Chesney R W, Kaplan B S, Phelps M, DeLuca H F
J Pediatr. 1984 Jan;104(1):51-5. doi: 10.1016/s0022-3476(84)80588-0.
In 10 patients with renal tubular acidosis, seven with type I and three with Fanconi syndrome, simultaneous measurements of vitamin D metabolites and electrolytes were made. No marked abnormalities of calcidiol2, calcidiol3, 24,25(OH)2D, or calcitriol were found in these patients, whose mean serum HCO3 was 18 +/- 3 mM/L (SD). Further, no relationship between serum HCO3 and calcitriol could be found. These results suggest that either vitamin D deficiency may be required before any alterations in the production of calcitriol are seen, or that the effects of acidosis in animals may not be reflected in humans. Further, it appears less likely that the bone disease found in renal tubular acidosis is related to abnormalities in vitamin D metabolism resulting from systemic acidosis, but that bone disease is more likely related to the acidosis and hypercalcuria prevalent in this disorder.
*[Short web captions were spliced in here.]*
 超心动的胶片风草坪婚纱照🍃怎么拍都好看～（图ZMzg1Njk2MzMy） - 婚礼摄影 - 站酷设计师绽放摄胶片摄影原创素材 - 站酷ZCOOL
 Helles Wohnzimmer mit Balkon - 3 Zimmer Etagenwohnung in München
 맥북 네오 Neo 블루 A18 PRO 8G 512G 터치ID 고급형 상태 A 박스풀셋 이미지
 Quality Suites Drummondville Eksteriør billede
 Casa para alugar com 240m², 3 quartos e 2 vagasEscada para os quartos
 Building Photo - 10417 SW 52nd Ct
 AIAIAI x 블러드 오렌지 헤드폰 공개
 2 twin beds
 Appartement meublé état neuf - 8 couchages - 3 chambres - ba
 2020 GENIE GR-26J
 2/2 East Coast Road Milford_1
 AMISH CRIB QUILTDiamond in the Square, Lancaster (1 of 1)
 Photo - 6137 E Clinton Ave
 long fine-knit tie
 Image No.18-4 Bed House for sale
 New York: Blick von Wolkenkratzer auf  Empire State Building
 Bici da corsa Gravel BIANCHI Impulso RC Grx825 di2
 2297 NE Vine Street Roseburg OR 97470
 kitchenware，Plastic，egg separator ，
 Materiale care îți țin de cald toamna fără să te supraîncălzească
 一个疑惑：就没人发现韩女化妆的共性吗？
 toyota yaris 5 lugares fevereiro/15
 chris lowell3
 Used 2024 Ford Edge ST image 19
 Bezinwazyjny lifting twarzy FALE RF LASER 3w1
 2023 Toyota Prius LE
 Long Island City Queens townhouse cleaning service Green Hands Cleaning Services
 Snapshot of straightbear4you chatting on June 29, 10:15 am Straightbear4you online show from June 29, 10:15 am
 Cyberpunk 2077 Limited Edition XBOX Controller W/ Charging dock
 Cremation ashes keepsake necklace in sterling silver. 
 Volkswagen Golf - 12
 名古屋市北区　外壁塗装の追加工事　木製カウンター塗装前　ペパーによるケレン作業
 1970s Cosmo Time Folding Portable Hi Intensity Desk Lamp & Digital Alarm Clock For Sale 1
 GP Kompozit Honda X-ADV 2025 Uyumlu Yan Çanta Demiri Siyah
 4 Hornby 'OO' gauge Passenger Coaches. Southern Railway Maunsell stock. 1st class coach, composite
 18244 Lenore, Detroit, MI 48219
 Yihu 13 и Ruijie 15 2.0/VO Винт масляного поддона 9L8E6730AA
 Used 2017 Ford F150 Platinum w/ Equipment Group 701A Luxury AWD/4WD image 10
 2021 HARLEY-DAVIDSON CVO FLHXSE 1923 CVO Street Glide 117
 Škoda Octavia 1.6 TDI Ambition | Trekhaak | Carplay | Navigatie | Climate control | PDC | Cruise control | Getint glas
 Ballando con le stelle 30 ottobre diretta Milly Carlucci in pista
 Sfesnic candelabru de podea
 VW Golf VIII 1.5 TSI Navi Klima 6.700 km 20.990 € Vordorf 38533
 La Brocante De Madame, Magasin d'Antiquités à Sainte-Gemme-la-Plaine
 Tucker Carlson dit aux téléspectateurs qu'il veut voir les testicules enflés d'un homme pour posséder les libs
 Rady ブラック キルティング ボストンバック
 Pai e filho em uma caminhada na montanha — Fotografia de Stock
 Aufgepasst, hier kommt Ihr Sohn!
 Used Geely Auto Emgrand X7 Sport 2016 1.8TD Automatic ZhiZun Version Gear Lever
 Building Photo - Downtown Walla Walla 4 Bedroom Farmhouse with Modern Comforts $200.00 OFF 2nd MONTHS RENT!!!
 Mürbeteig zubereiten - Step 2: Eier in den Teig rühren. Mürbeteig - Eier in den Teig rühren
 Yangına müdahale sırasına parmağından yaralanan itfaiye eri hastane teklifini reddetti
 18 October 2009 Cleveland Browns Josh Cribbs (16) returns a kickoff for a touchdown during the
对10例肾小管酸中毒患者(7例I型,3例范可尼综合征)同时进行了维生素D代谢产物和电解质的测定。这些患者平均血清HCO3为18±3 mM/L(标准差),未发现骨化二醇2、骨化二醇3、24,25(OH)2D或骨化三醇有明显异常。此外,未发现血清HCO3与骨化三醇之间存在关联。这些结果表明,要么在骨化三醇生成出现任何改变之前可能需要维生素D缺乏,要么动物酸中毒的影响在人类中可能未得到体现。此外,肾小管酸中毒中发现的骨病似乎不太可能与全身酸中毒导致的维生素D代谢异常有关,而更可能与该疾病中普遍存在的酸中毒和高钙尿症有关。